== Data supplied ==
# # # # #
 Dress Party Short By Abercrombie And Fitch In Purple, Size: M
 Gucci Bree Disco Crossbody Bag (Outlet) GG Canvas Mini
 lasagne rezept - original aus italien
# # # # #
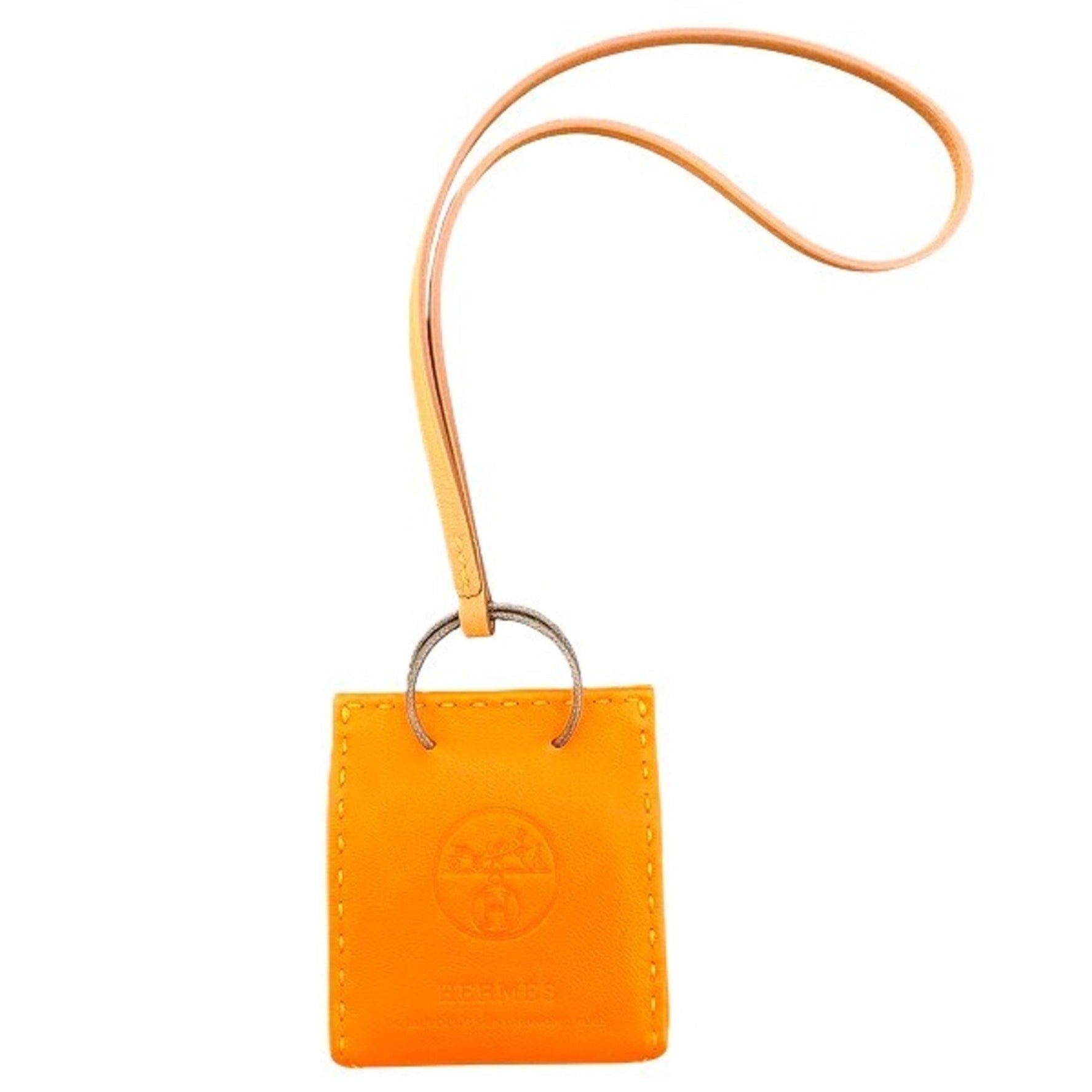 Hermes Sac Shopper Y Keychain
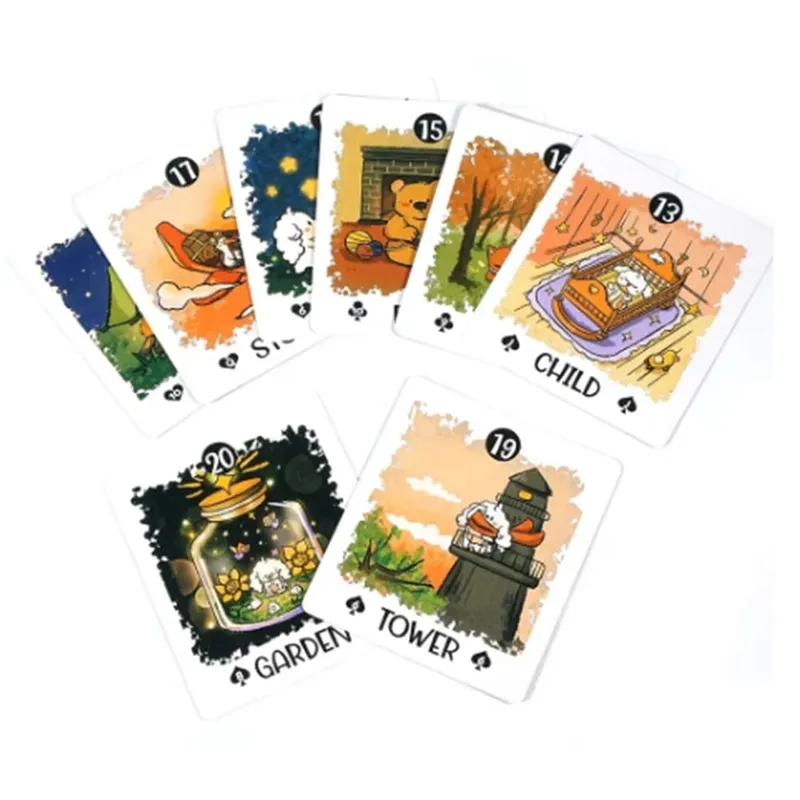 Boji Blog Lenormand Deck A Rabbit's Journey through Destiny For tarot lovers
# # # # #
== Brief ==
The material above holds pictures; leave them out. Repeat exactly the lines from the one containing "Hermes Sac Shopper Y Keychain" through the one containing "Boji Blog Lenormand", and nothing else.

== Solved problem ==
 Hermes Sac Shopper Y Keychain
 Boji Blog Lenormand Deck A Rabbit's Journey through Destiny For tarot lovers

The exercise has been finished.